**ACTIVITY:** Only certain lines below are wanted: those starting at the line containing "スズキ ジムニー XC" and ending at the line containing "Building Photo - Stunning", both included, each retyped exactly.

===== DATA TO PROCESS =====

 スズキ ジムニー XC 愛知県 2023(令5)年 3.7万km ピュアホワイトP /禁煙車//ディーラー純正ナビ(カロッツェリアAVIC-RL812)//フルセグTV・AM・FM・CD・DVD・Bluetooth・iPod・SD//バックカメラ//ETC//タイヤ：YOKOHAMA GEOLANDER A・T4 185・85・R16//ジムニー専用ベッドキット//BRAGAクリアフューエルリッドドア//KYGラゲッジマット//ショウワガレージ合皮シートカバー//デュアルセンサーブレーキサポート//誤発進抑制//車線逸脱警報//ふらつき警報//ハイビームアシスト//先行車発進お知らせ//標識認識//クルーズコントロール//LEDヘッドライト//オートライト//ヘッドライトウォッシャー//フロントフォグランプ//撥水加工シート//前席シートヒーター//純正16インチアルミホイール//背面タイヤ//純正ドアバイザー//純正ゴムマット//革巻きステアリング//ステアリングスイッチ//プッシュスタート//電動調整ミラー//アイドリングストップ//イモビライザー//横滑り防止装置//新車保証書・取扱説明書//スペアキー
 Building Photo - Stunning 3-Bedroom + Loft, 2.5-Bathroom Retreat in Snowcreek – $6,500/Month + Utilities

=====
===== DATA TO PROCESS =====

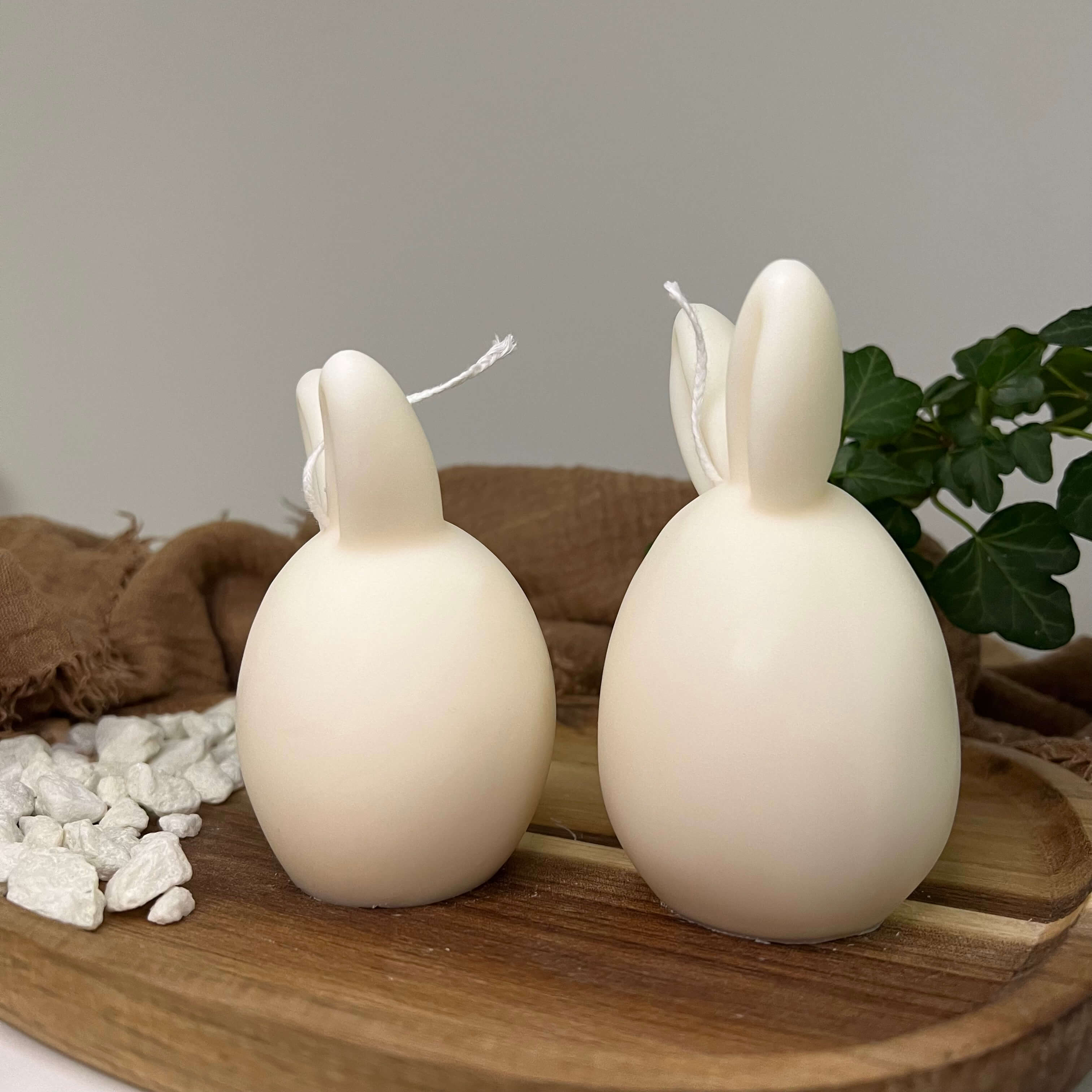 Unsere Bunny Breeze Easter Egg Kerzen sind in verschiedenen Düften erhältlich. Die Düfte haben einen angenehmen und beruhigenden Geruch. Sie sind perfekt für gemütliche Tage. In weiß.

=====

**TASK RESPONSE:**
 スズキ ジムニー XC 愛知県 2023(令5)年 3.7万km ピュアホワイトP /禁煙車//ディーラー純正ナビ(カロッツェリアAVIC-RL812)//フルセグTV・AM・FM・CD・DVD・Bluetooth・iPod・SD//バックカメラ//ETC//タイヤ：YOKOHAMA GEOLANDER A・T4 185・85・R16//ジムニー専用ベッドキット//BRAGAクリアフューエルリッドドア//KYGラゲッジマット//ショウワガレージ合皮シートカバー//デュアルセンサーブレーキサポート//誤発進抑制//車線逸脱警報//ふらつき警報//ハイビームアシスト//先行車発進お知らせ//標識認識//クルーズコントロール//LEDヘッドライト//オートライト//ヘッドライトウォッシャー//フロントフォグランプ//撥水加工シート//前席シートヒーター//純正16インチアルミホイール//背面タイヤ//純正ドアバイザー//純正ゴムマット//革巻きステアリング//ステアリングスイッチ//プッシュスタート//電動調整ミラー//アイドリングストップ//イモビライザー//横滑り防止装置//新車保証書・取扱説明書//スペアキー
 Building Photo - Stunning 3-Bedroom + Loft, 2.5-Bathroom Retreat in Snowcreek – $6,500/Month + Utilities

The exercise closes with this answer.